La littérature ne sert à rien. Si elle servait à quelque chose, la racaille gauchiste qui a monopolisé le débat intellectuel tout au long du XXe siècle n’aurait même pas pu exister. Ce siècle, bien heureusement, vient de s’achever ; c’est le moment de revenir une dernière fois (on peut du moins l’espérer) sur les méfaits des "intellectuels de gauche", et le mieux est sans doute d’évoquer Les Possédés, publié en 1872, où leur idéologie est déjà intégralement exposée, où ses méfaits et ses crimes sont déjà clairement annoncés à travers la scène du meurtre de Chatov. Or, en quoi les intuitions de Dostoïevski ont-elles influencé le mouvement historique ? Absolument en rien. Marxistes, existentialistes, anarchistes et gauchistes de toutes espèces ont pu prospérer et infecter le monde connu exactement comme si Dostoïevski n’avait jamais écrit une ligne. Ont-ils au moins apporté une idée, une pensée neuve par rapport à leurs prédécesseurs du roman ? Pas la moindre.

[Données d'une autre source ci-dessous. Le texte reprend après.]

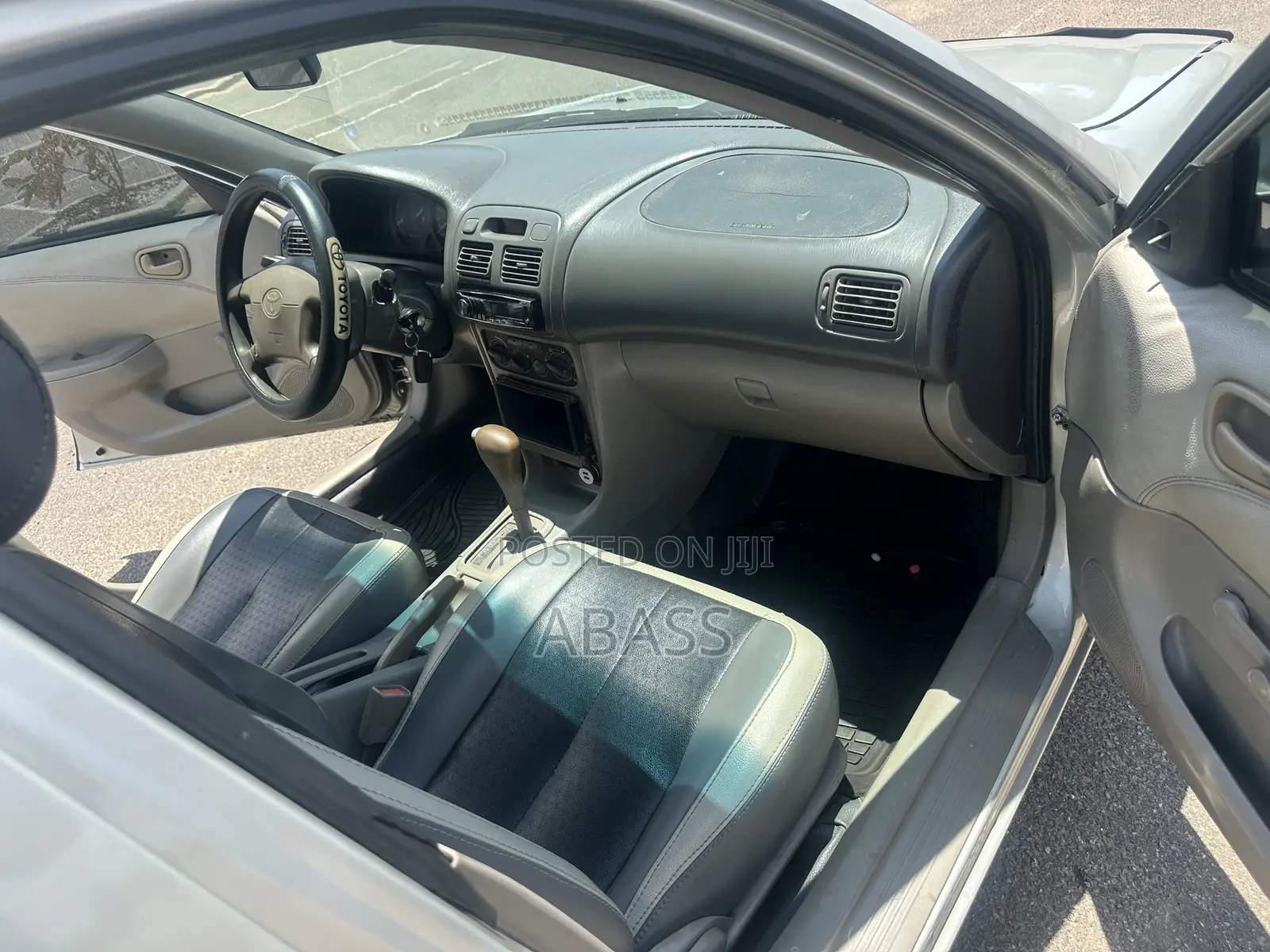 Toyota Corolla 1.8 Sedan Automatic 2002 Silver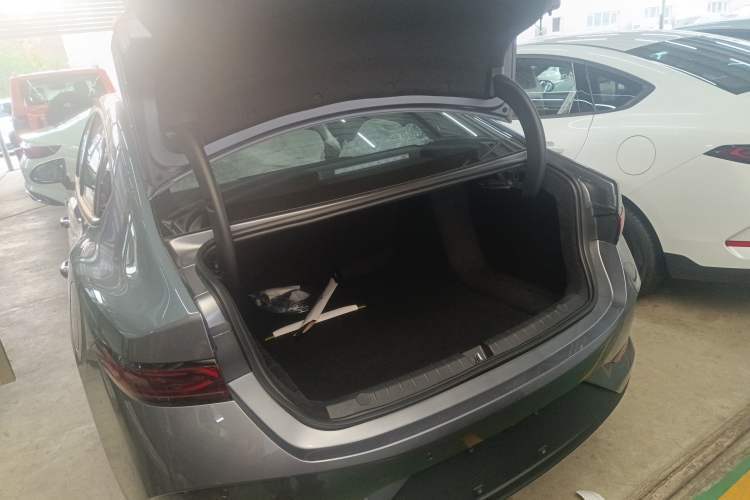 Used BYD Qin PLUS 2025 DM-i Smart Drive 55KM Leading Model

Siècle nul, qui n’a rien inventé. Avec cela, pompeux à l’extrême. Aimant à poser avec gravité les questions les plus sottes, du genre : "Peut-on écrire de la poésie après Auschwitz ?" ; continuant jusqu’à son dernier souffle à se projeter dans des "horizons indépassables" (après le marxisme, le marché), alors que Comte, bien avant Popper, soulignait déjà non seulement la stupidité des historicismes, mais leur immoralité foncière.

[...]

Rappelons d’abord qu’on peut évidemment écrire de la poésie après Auschwitz, aussi bien qu’avant, et dans les mêmes conditions ; posons-nous maintenant une question plus sérieuse : peut-on écrire de la science-fiction après Hiroshima ? En examinant les dates de publication, il semble bien que la réponse soit : oui, mais pas la même ; et des textes, il faut le dire, franchement meilleurs. Un optimisme de fond, probablement incompatible avec la littérature romanesque, s’est évaporé là, en l’espace de quelques semaines. Hiroshima était sans doute la condition nécessaire pour que la littérature de science-fiction puisse vraiment accéder au statut de littérature.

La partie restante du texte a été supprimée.